AI Summary • Published on Feb 27, 2026
Current AI-based emotional support systems predominantly feature one-on-one interactions between a user and a single AI agent. This approach overlooks the potential benefits of group-based support, which is a common and effective form of emotional assistance in human contexts. Consequently, there is an unexplored opportunity to understand whether a group of AI agents can provide more effective emotional support than a single agent, what psychological mechanisms might underlie such an advantage, and how to optimally design these multi-agent systems.
The researchers conducted three experiments using a web-based experimental system. In these studies, participants discussed a distressing personal issue with either a single AI agent or a group of AI agents, powered by GPT-4o. Study 1 compared the perceived support efficacy of single-agent support versus two-agent group support, also examining users' perceived connectedness. Study 2 varied the group size, testing two, three, and four AI agents to understand the impact of agent quantity. Study 3 investigated the role of functional support composition within a two-agent group, configuring agents to provide emotion-focused, information-focused, or a mixed combination of support. All studies measured perceived support efficacy and connectedness, with an additional analysis in Study 1 exploring how user income moderates these effects.
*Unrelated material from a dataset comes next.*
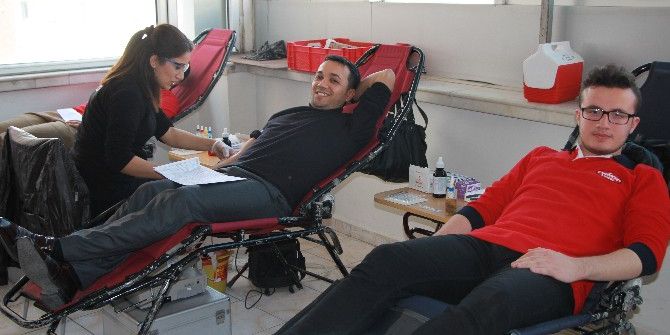Malatya Rekor Temel Lisesi Kızılay İçin Kan Bağışında Bulundu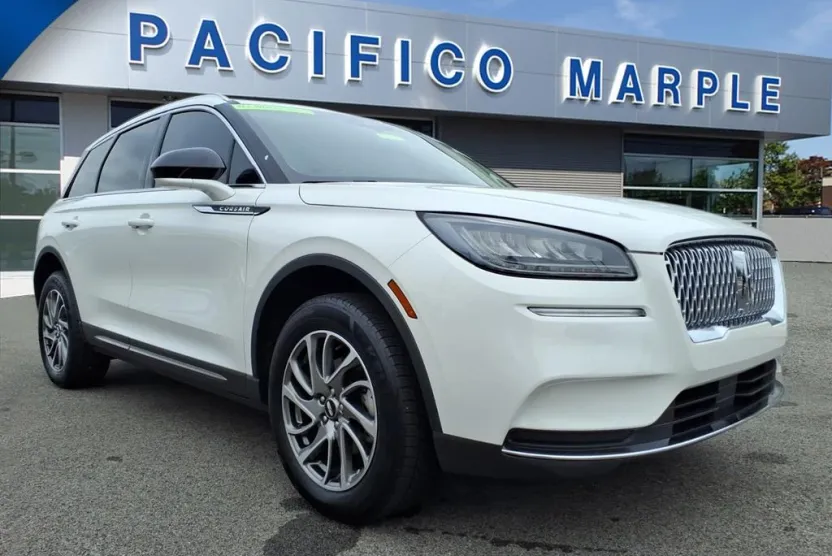 2022 Lincoln Corsair Standard photo 1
The findings from Study 1 demonstrated that group AI support led to significantly higher perceived support efficacy compared to single AI support (Mgroup = 5.388 vs. Msingle = 4.828, p = 0.006). This enhanced efficacy was mediated by an increased sense of connectedness that users felt with the AI system. Study 2 revealed that simply increasing the number of agents beyond a small group did not yield additional gains in perceived support efficacy (F(2, 253) = 1.914, p = 0.15), suggesting diminishing returns for structural support increases. Study 3 indicated that the functional composition of support within AI groups significantly influenced perceived efficacy (F(4, 380) = 2.048, p = 0.087), with mixed support types (one emotion-focused and one information-focused agent) generally outperforming homogeneous configurations (both agents providing the same type of support). Furthermore, the mediating effect of connectedness was stronger for lower-income participants, suggesting that group AI support might be particularly beneficial for this demographic.
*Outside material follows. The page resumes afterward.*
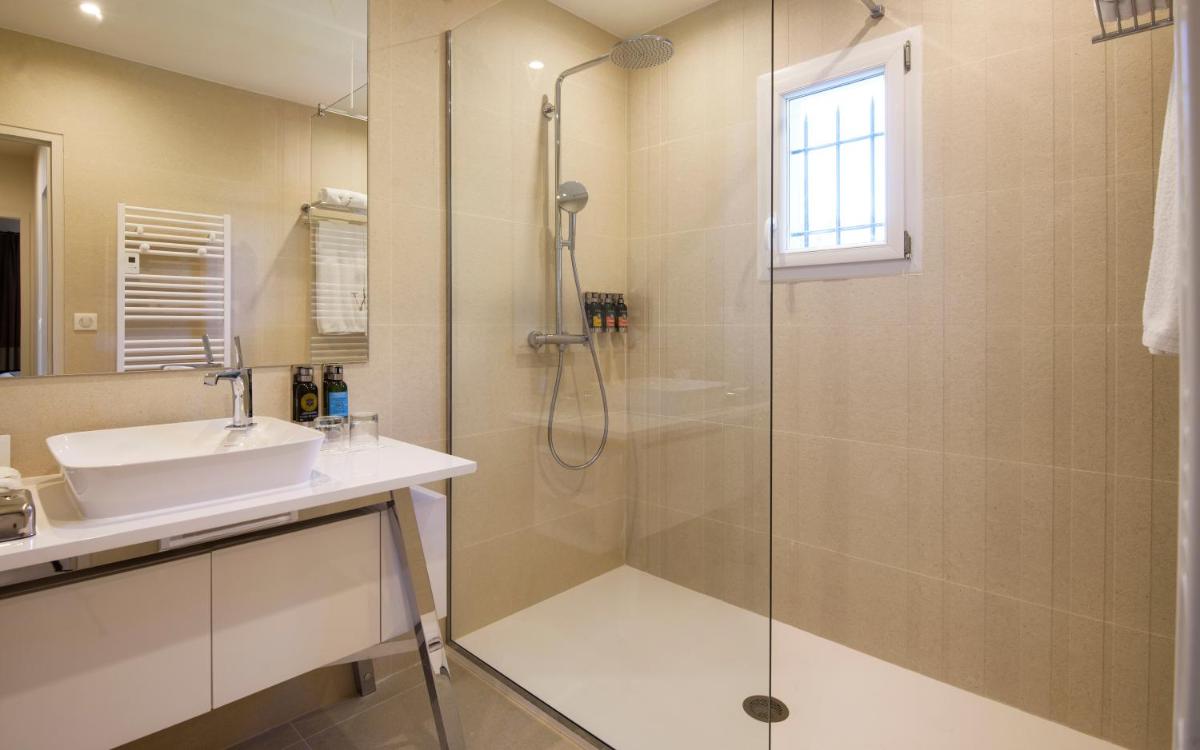 Salle de bains dans l'établissement Le Vallon de Valrugues Hotel Spa & Villas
This research significantly advances the understanding of AI-mediated emotional support by identifying group AI as a distinct and more effective support form, shifting the theoretical paradigm from dyadic to group interactions. It highlights perceived connectedness as a crucial sociopsychological mechanism underlying the efficacy of AI support. Practically, the findings offer actionable guidance for designing AI-based emotional support systems, encouraging developers to move beyond traditional one-on-one models. Designers should prioritize strategic functional differentiation among AI agents rather than merely increasing their number and focus on cultivating relational experiences that foster user connectedness, particularly as these systems offer an accessible option for individuals with fewer traditional support resources.